Halep Ermeni toplumu, yok olmanın eşiğinde. Herkes şehri terk edeceği, sürüleceği veya yok edileceği için değil… İnsanlar şehirde kalabilirler, fakat buna rağmen, toplum yine de yok olacak, toplumun hayatı ve hayat tarzı kaybolacak. Suriye, beraberinde Halep’i de götürerek, herhangi bir yöne doğru gidebilir, demokrasiye veya eskiden olduğu gibi federasyona dönüşebilir, fakat toplum bir daha eski haline dönmeyecek. En önemlisi, temel hislerin olmayışından dolayı toplum çoktan yok oldu.

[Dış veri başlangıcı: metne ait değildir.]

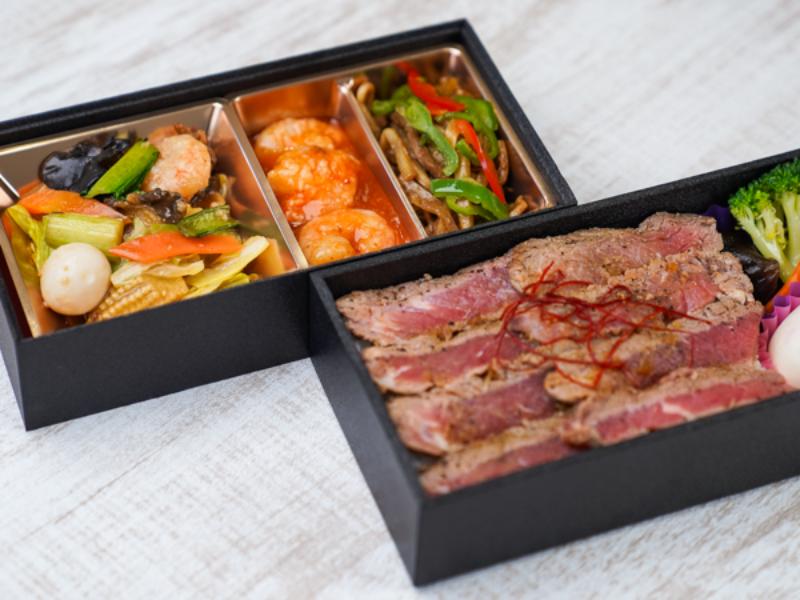 【贅沢二段弁当】サーロインステーキ＆人気中華御膳（八）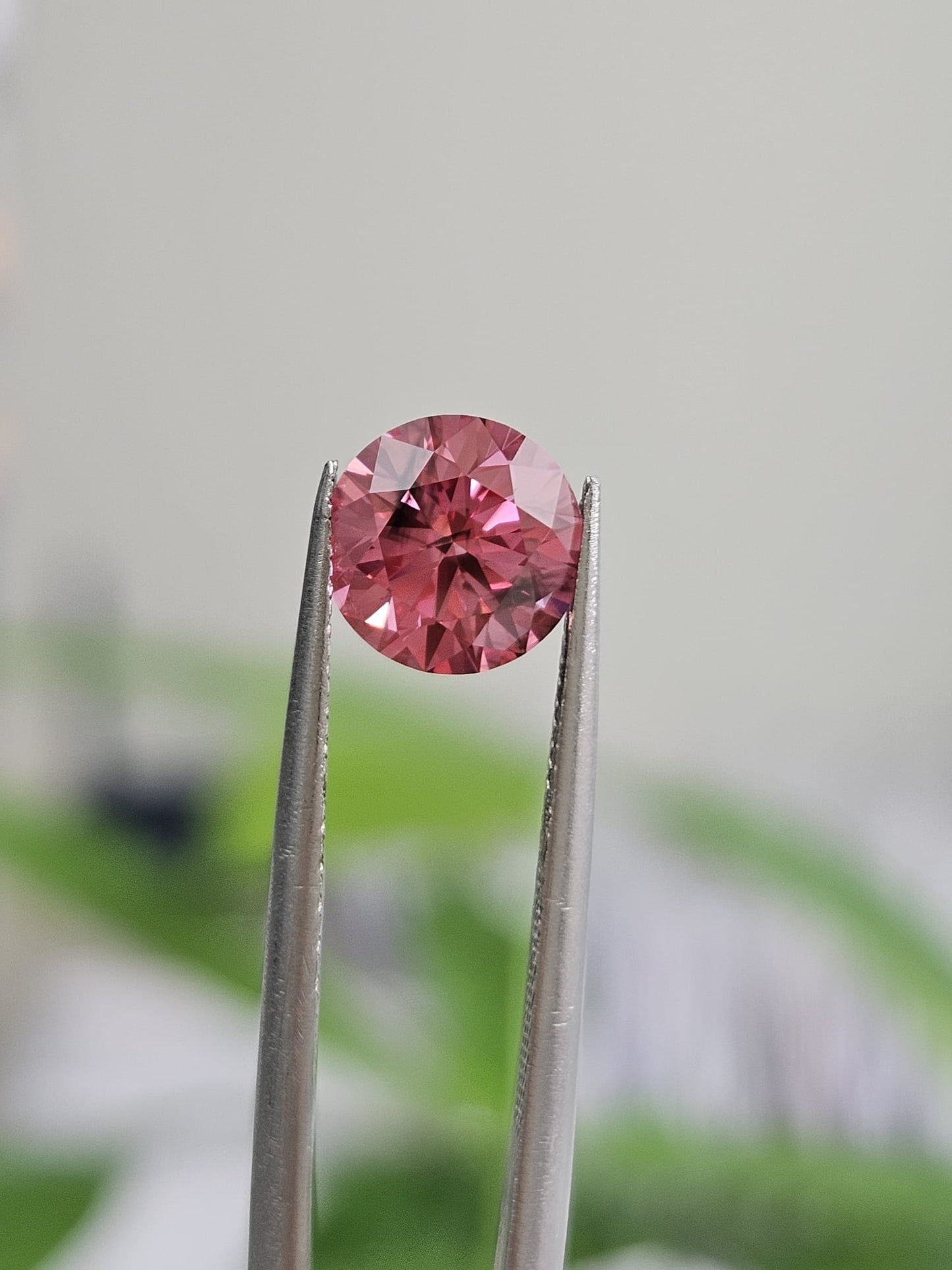 IGI 1.56CT ROUND FANCY VIVID PINK SI2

Diğer toplumlar için bir not ve öneri. Halep Ermeni toplumu başarısız oldu, çünkü barış zamanlarında, en kötüsü için hazırlanmamıştı. Barış zamanlarında, nasıl iyi organize olduklarından, geniş bir Suriye toplumunun parçası olduklarından ve bu ülke için ne kadar önemli olduklarından bahsetmeyi ve bunlar böbürlenmeyi iyi becerdiler. Barış zamanlarında, toplum, toplumun kendisini, kardeşler arasındaki husumetten yok olan aileleri, birbirlerinden ziyadesiyle ayrılmış kesimleri düşünmüyordu. Hiç kimse böylesi zamanlarda toplumu kurtaracak olan fikirleri üretmiyordu. Pekala, bu günahkar bir toplumun başına gelen ilahi bir gazap değil, fakat değişmez gerçek şu ki, halen Halep’te bulunan hiçbir toplum mensubu, geleceğini Suriye’de görmüyor, hiçbiri toplum için bir gelecek görmüyor. Bu, bir toplumun yok oluşudur.